Fralphie Jenkins growls into the monotonous altrock of driving “December 24th (600 Miles to Go)” making the journey to the folks a Sisyphean hell of never-ending mileage. Epic angst, kids. Might be dead. Damn. Don’t try this at home. [An alternate verzh of this, “Ice on the Floor (Christmas Eve),” takes a long long Dark Side of the Moon intro, after which reality melds travel with arrival, hazard with cozy–so much so that the end of the song is the beginning. Aahhh!]
Andy Churchill is sitting in your driveway wondering if it’s just a “Party of One” for Christmas. Alt-rock be-grunges the misinterpreted invitation: You said 8:30 But nobody’s here. Still he wishes you’d join his party (of one), i guess because it’s a time of forgiveness. Or he’s that naive.
Let’s slow the whole love thang down and work up to it poetic-like. Courtin’ style!
LeLe wants to hold you and sing a thousand songs to you, since he loves you so much in “Christmas Night with You,” a vaguely Eurocentric soft pop.
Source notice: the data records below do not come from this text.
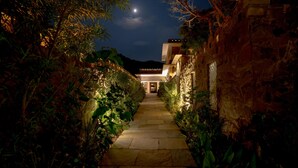 A stone pathway leading to a building with a moon in the sky.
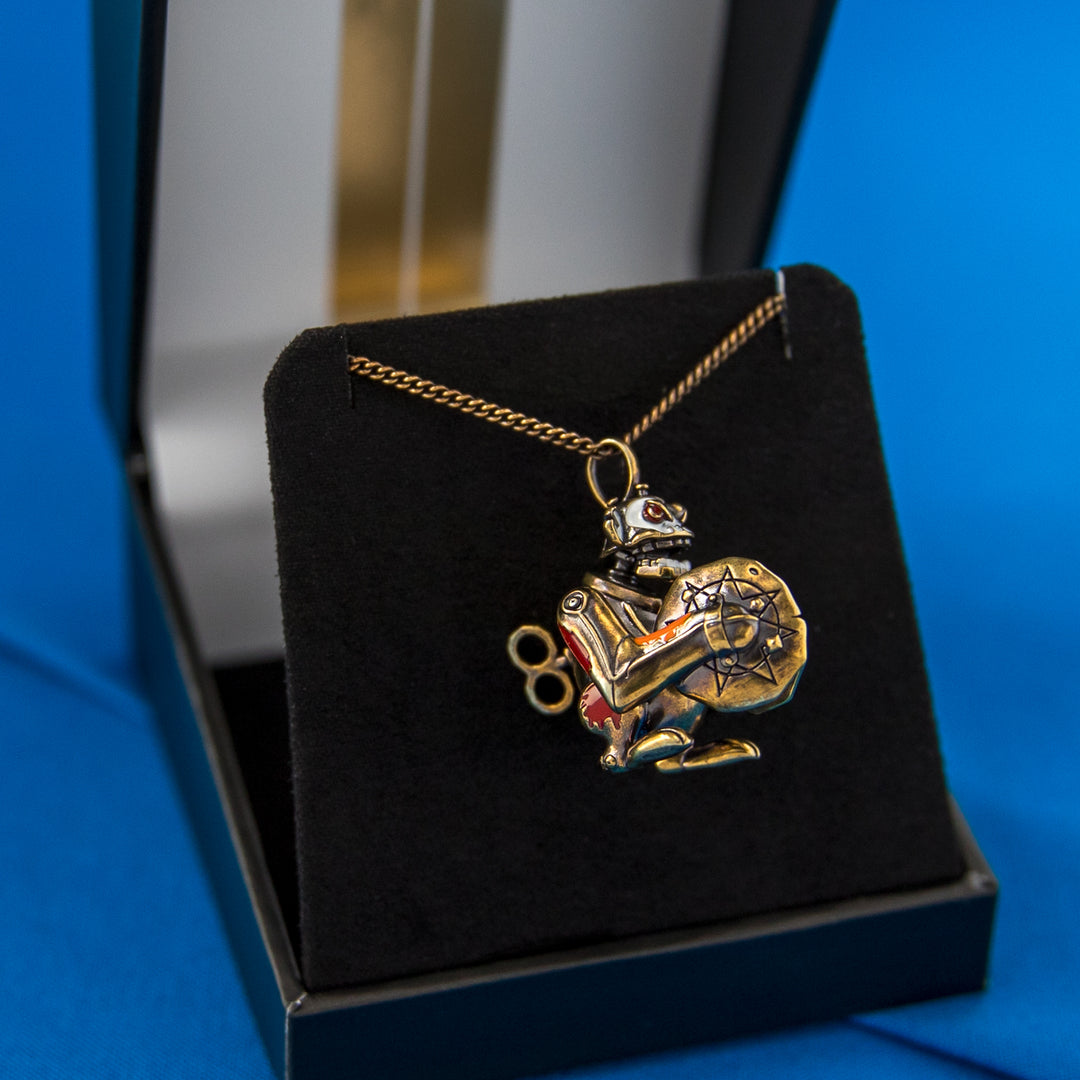 Arcane × RockLove Jinx Monkey necklace resting in the League of Legends ARCANE Collector’s Box with black velvet interior and gold detailing.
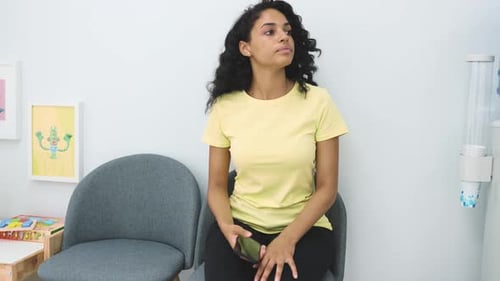A nervous young woman waits nervously in the waiting room of a medical clinic for her name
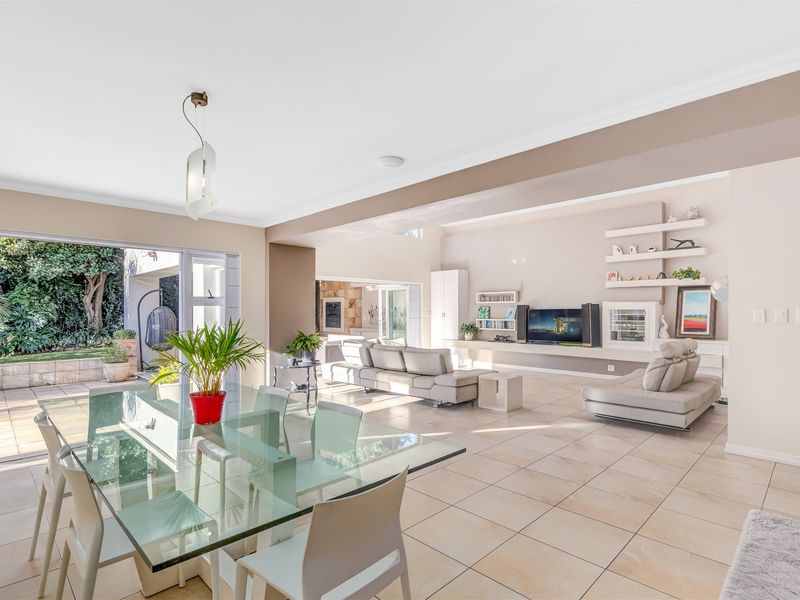 Spacious open-plan living and dining area featuring large format floor tiles, built-in shelving, and seamless access to the outdoor patio through sliding glass doors.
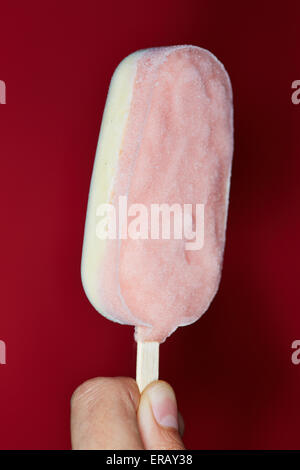 Hand hält Eis Sahne Eis am Stiel mit zwei Geschmacksrichtungen Stockfoto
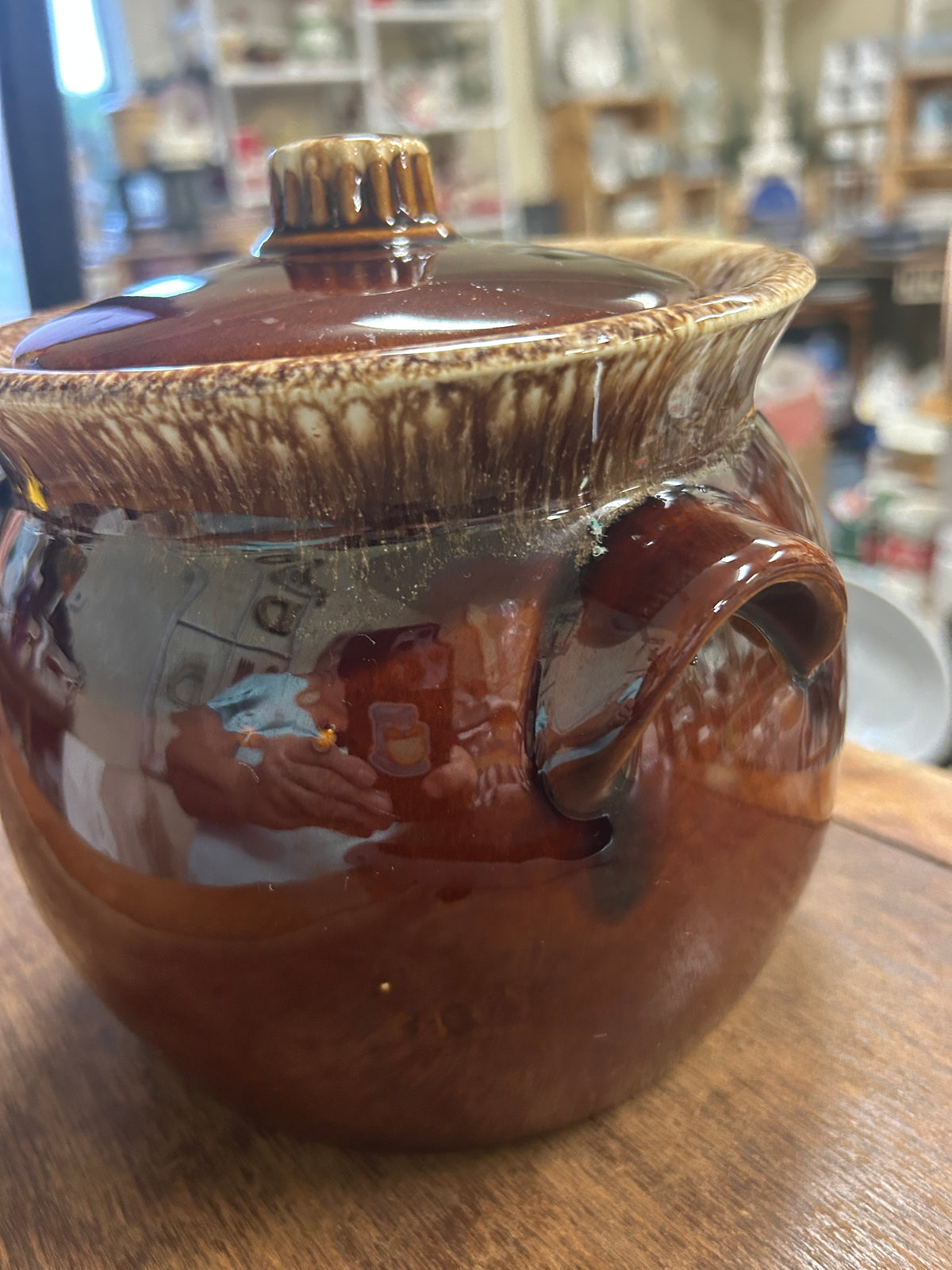 Brown drip bean pot with lid, handles, and speckled glaze, 7 in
Such a charmer!
Doggomuzik also. wants to sing “A Thousand Christmas Carols” to you as a sign of love. It’s a musician thing, i reckon. Pop garage.
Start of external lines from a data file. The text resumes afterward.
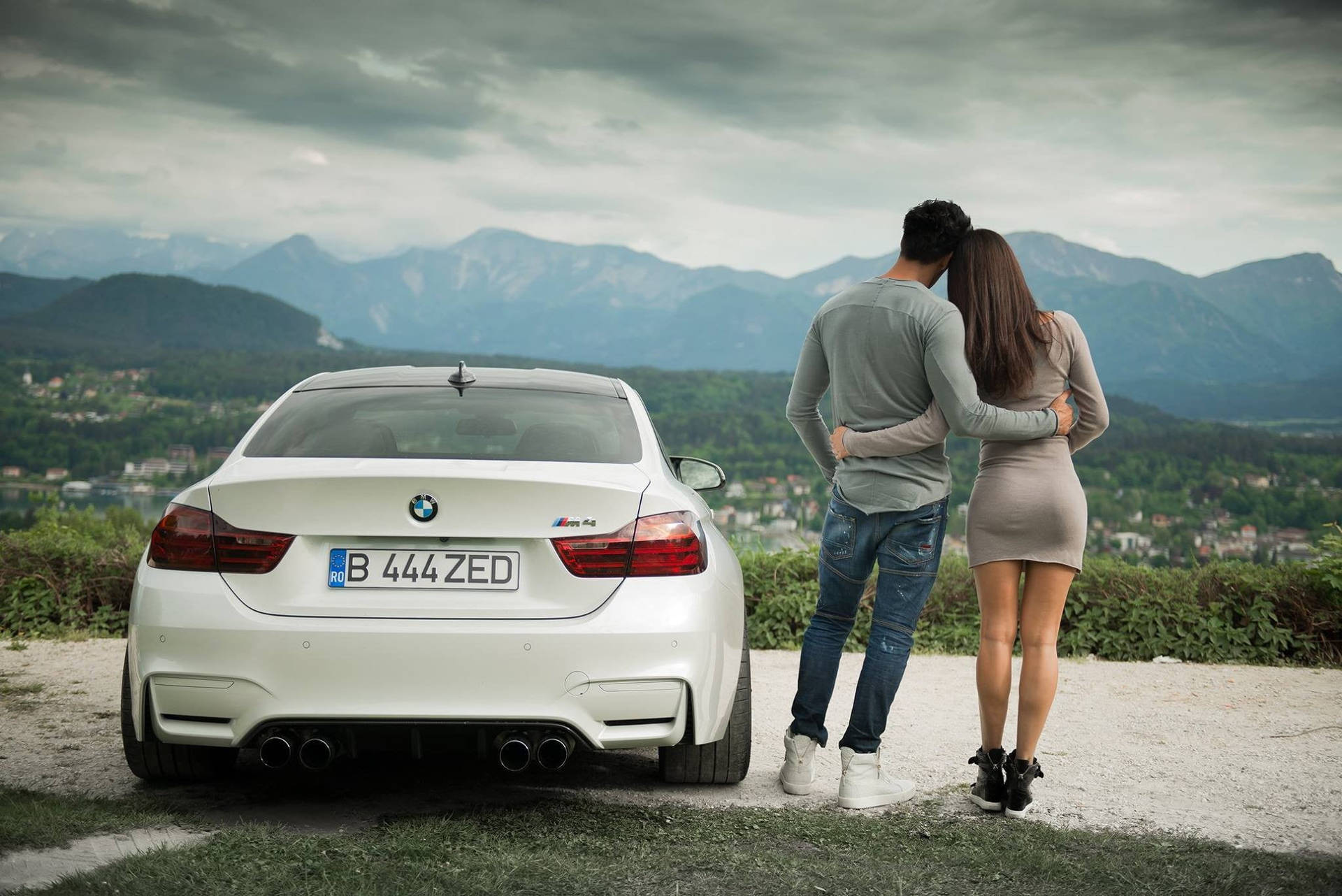 情侶在白色BMW M4附近擁抱，俯瞰群山。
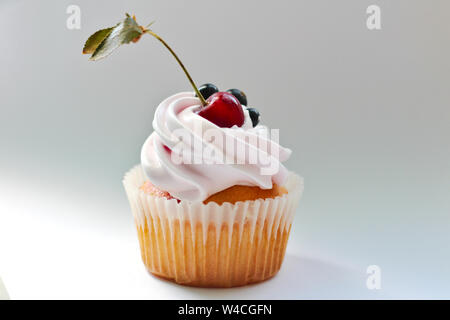 Isolated cupcake with cream, cherry with a leaf and black currant on a white background. Stock Photo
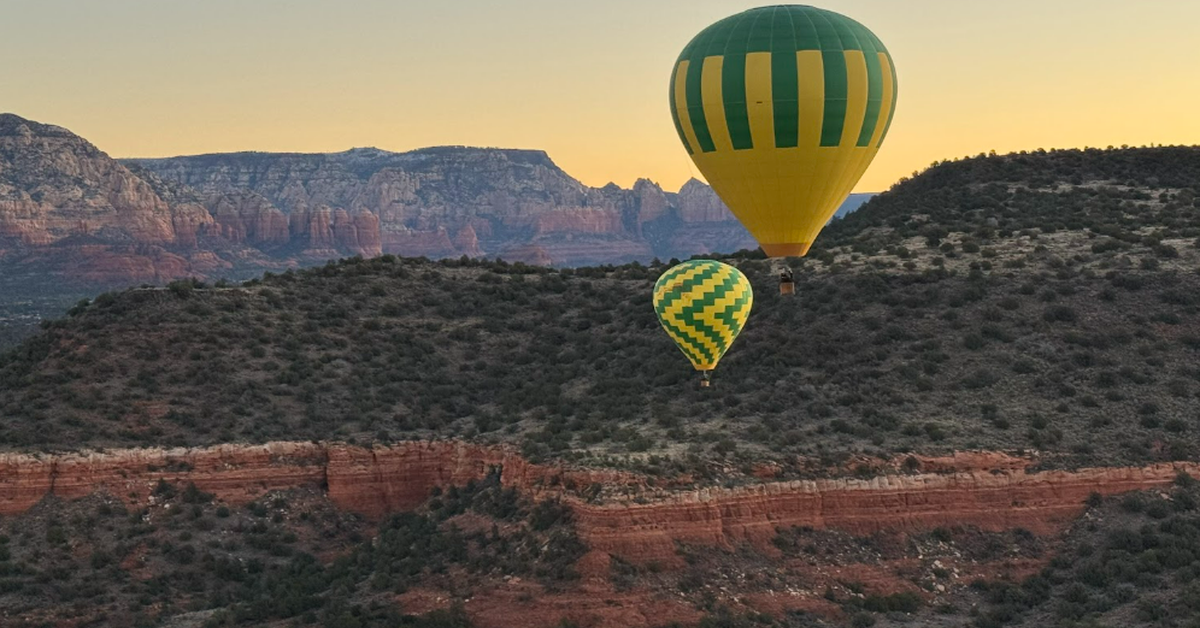 Two yellow and green hot air balloons are floating above a terrain of red rocks and desert plants.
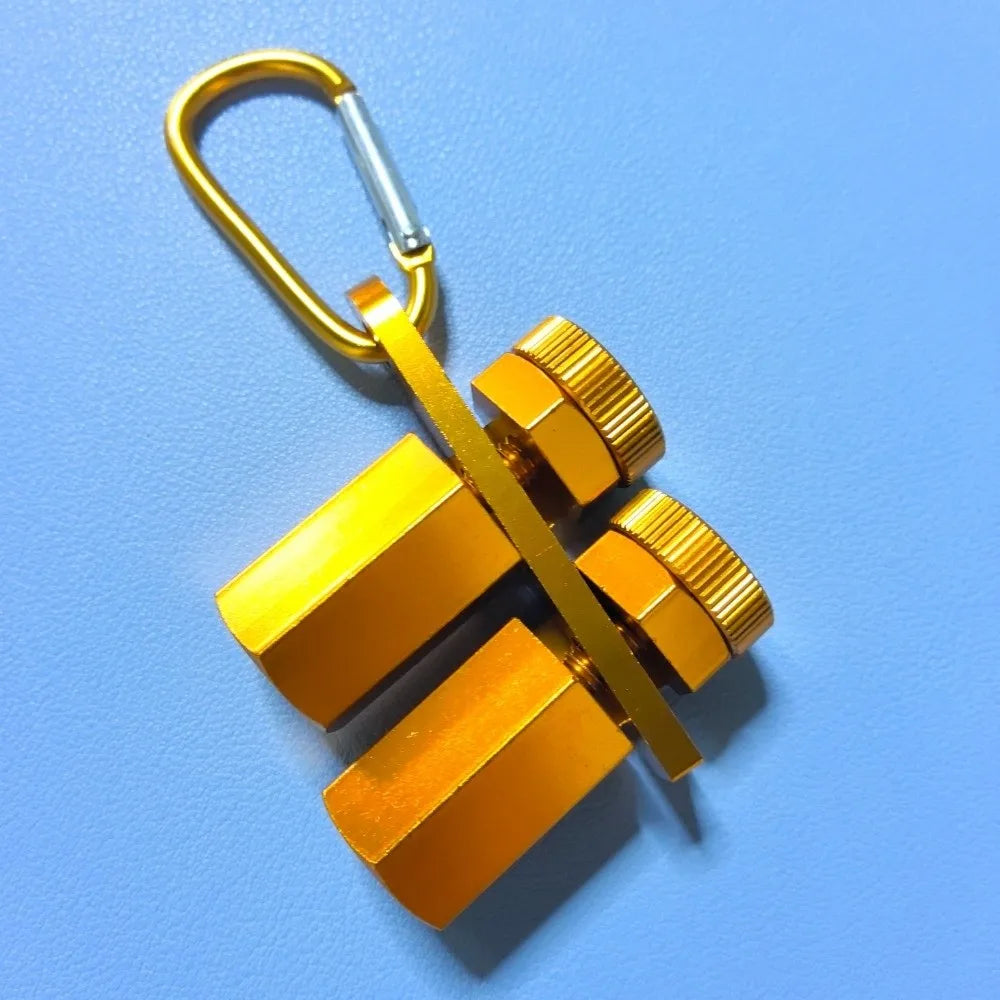 A brass precision stair gauge framing square with a loop for hanging, shown against a light blue background.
Also into holding, but now with dancing, laughing, matching socks, and sharing stories told a thousand times–Kat McDowell (feat. Kaoru Miyazaki) bounces pop frothier with “Feel Like It’s Christmas.” This is a real connection; they get each other’s jokes!
“A Thousand Lifetimes” by Nieve Malandra from the Karen Carpenter school of lounge paints a picture of a holiday worth a thousand lifetimes–just me and you. Sultry jazz.
Ashton Edminster lays the innocence on just right for me. No innuendo, no taking-for-granted, but shy liking under a “1,000 Christmas Lights.” Just talking, just getting to know you (better), just good friends. That’s how love begins. Gentle, unplugged girl alt-folk.
Family Friend has nothing better to do, so they follow important historical Christmasses from 1968 (first humans orbited earth) to 1642 (Isaac Newton born). Yet the indie pop of “Boring Christmas (blaze away)” recommends you burn the tree… oh, hang on–drug reference! Are you so bored you smoke, or so smoked you’re bored?
Puritanical Powers compel thee to have a “Christmas 1670“! Not sure if 10 Killing Hands is pulling our breeches, but kinda doubt those austere pioneers woulda celebrated ANYTHING. (See: “The World is Turned Upside Down” about the Puritans doing away with this holy day in 1649.) Still, this soft indie rock is compelling me to enjoy.
Bible verses are read as chapter and verse, so we’ll allow a bit o’ stretch here to include the ominous tale of 10,000 Maniacs’ “Jubilee” in which Tyler (as afflicted perhaps as the son for whom mercy is asked in Matthew 17:15) takes time off from fixing up the Nativity scene for the church to burn down the licentious tavern nearby.
The 800 toll free phone number was meant to fire people so that busy businesses could do without long-distance connections. Hotels and car rental companies began this streamlining in the ’60s. Today we could care less. Who gets charged for Long D anymore?!
Humbugz revisits the ’80s with a “1-800-Christmas” number about the worst presents ever. Then the poor country-song victim has an idea… (it’s the phone line to buy this album)!
A surprising message comes from an 800 number wishing “Merry Christmas Mr. Peng.” This indie goes places you dmight not expect. I mean, IS it a happy ending?
Prohibition’s over! Drunkenness is okay again! Tom Dyer beats the stringed-box recounting that moonshiner ‘Doober’ he met way back when “It’s a White Mule Christmas.” Returns to him again in the ’40s… and there may be a resurrection acomin’ later on. Stay for it, or just for the back woods country glee of the whole parcel.
Virginiana Miller’s “Xmas 1933” is a gentle alt-pop about the re-decline of the civilization of the American worker. Christmas cheers!